Bel pulang sekolah sudah berbunyi tanda semua kegiatan di sekolah Bougenvile telah berakhir, sekarang hanyalah teriakan bocah smp yang gembira, ratusan siswa memenuhi pintu gerbang sekolah menanti jemputan maupun menunggu bus, lapak pedagang pribumi yang menjajakan jajanan enak nan murah ini sudah dipenuhi siswa yang ingin melepas dahaga maupun lapar, juga terlihat pasangan muda-mudi bergandengan tangan sambil bercerita ria, gerombolan geng picisan memenuhi jalan setapak menuju sungai untuk sekedar nongkrong dan mempererat solidaritas, tapi lain halnya dengan ku, aku masih khawatir apa yang terjadi dengan ibuku, aku langsung lari menuju anak tangga dan menuruninya satu per satu.

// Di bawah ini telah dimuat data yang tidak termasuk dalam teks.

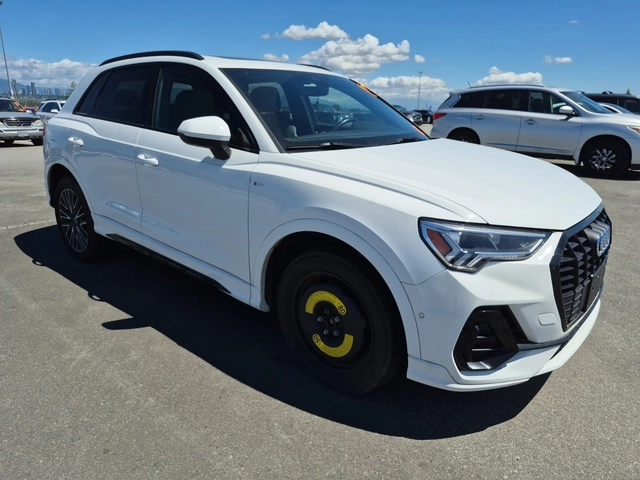 Audi Q3 TECHNIK * S LINE * QUATTRO * CARFAX * - автомобили, коли, обяви за нови и употребявани 1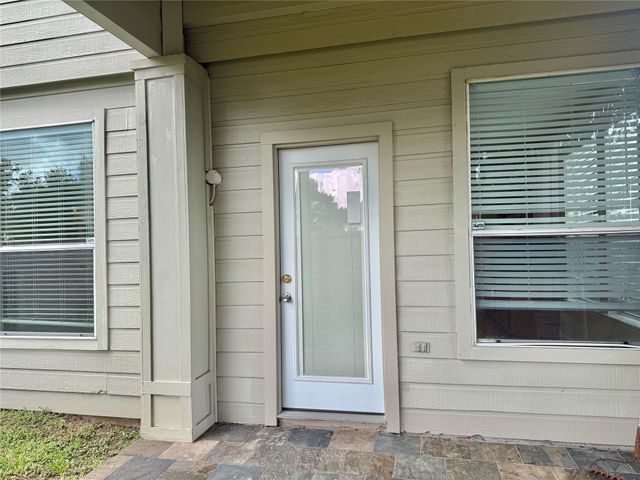 12426 Shadowpoint Drive, Hockley, TX 77082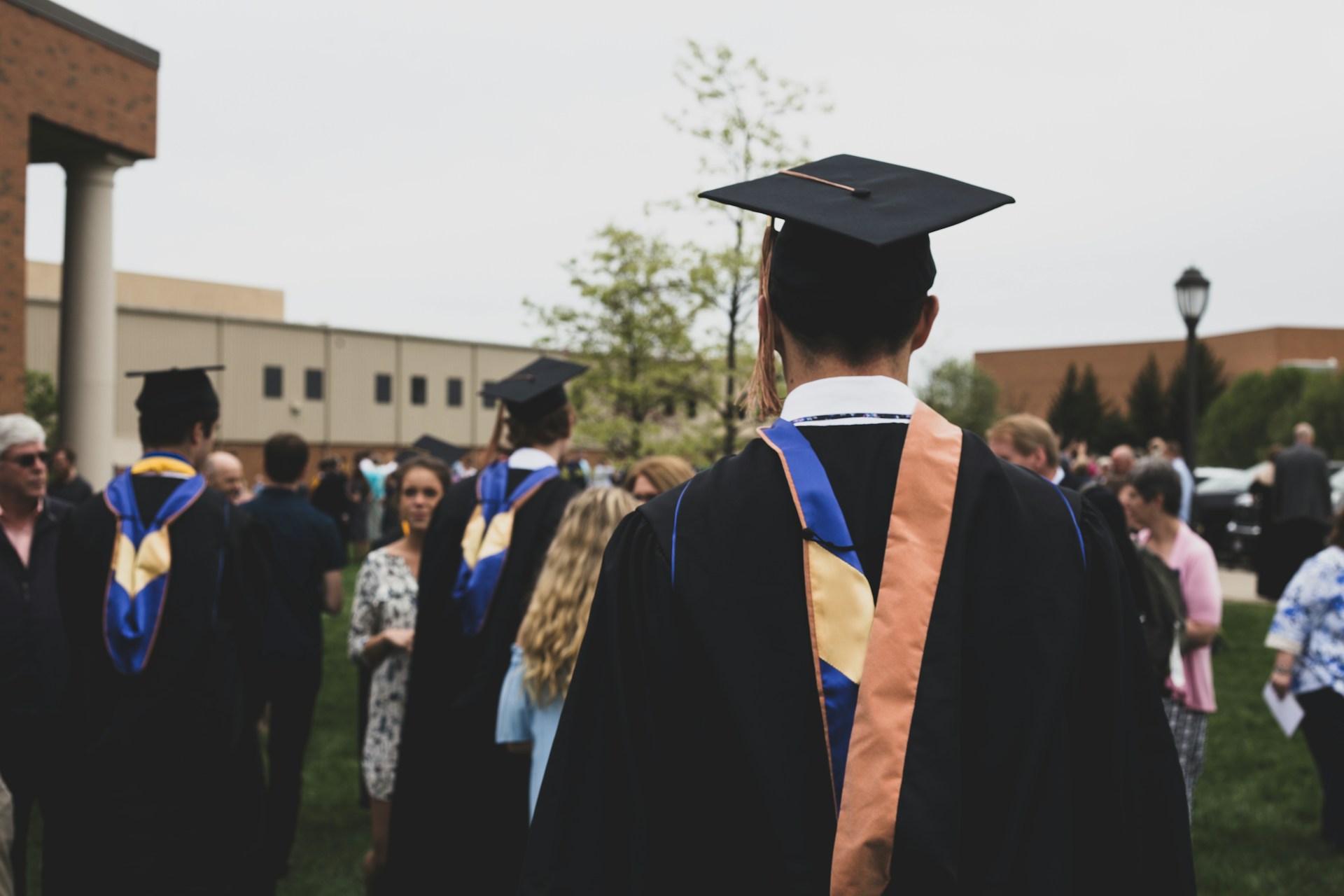 Estudiantes en una ceremonia de graduación | Fuente: Unsplash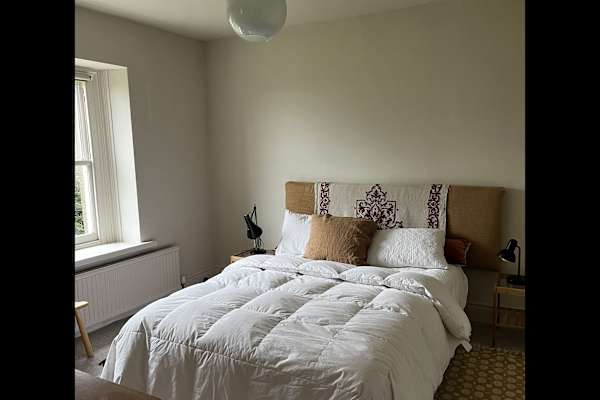 House sit in New Mills, United Kingdom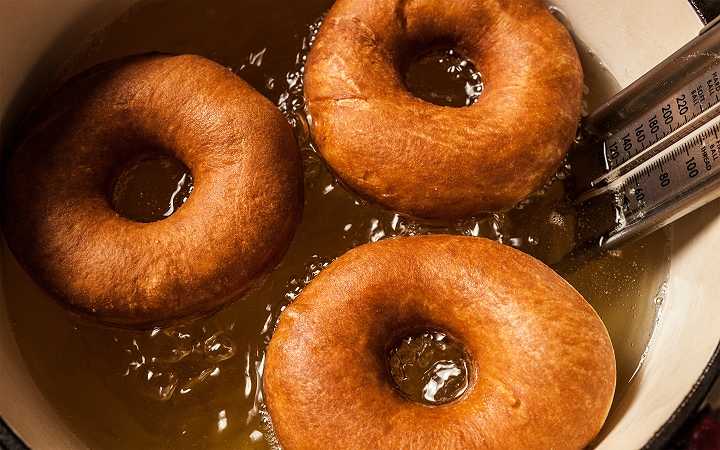 make delicious donuts easily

‘’aku harus cepat pulang, yah harus cepat pulang’’ kataku dengan cepat
‘’DORRR!!!’’ terdengar suara yang cukup keras dari balik dinding yang membatasi tangga lantai 4 dengan lantai 3
‘’ya tuhan...’’ kataku dengan kaget
‘’hahaha, mau kemana lu ki?’’ tanya Alvin bersama Agung, Ravie, dan Saman
‘’ah, lu ngagetin aja sih, gue lagi buru-buru nih elah’’ kata ku sedikit jengkel
‘’buru-buru? Wah gak solid lu ki, emang mau kemana sih?’’ tanya Agung
‘’gini loh, tadi gue ditelepon sama ibu gue, nah terus dia minta tolong sambil ketakutan sama dia juga menahan sakit’gitu’ kata ku dengan sedih teringat saat Ibuku menelpon
‘’hah? Lu gak becanda kan ki?’’
‘’masa gue becanda sih?! Ya nggak mungkin lah’’
‘’yaudah deh, kita semua ikut riski aja, siapa tau dia beneran’’ kata saman melerai
‘’yaudah...yuk!!’’
****
Aku melihat dari jauh banyaknya garis polisi, puluhan paparazzi, tetesan darah yang cukup banyak. Seketika kesunyian halaman rumahku lenyap, yang sekarang kurasa adalah keramaian kota yang sangat ku benci. Aku tersadar, apa yang terjadi saat ini? Apa?...polisi menghampiriku dan membawa adikku, Isabella.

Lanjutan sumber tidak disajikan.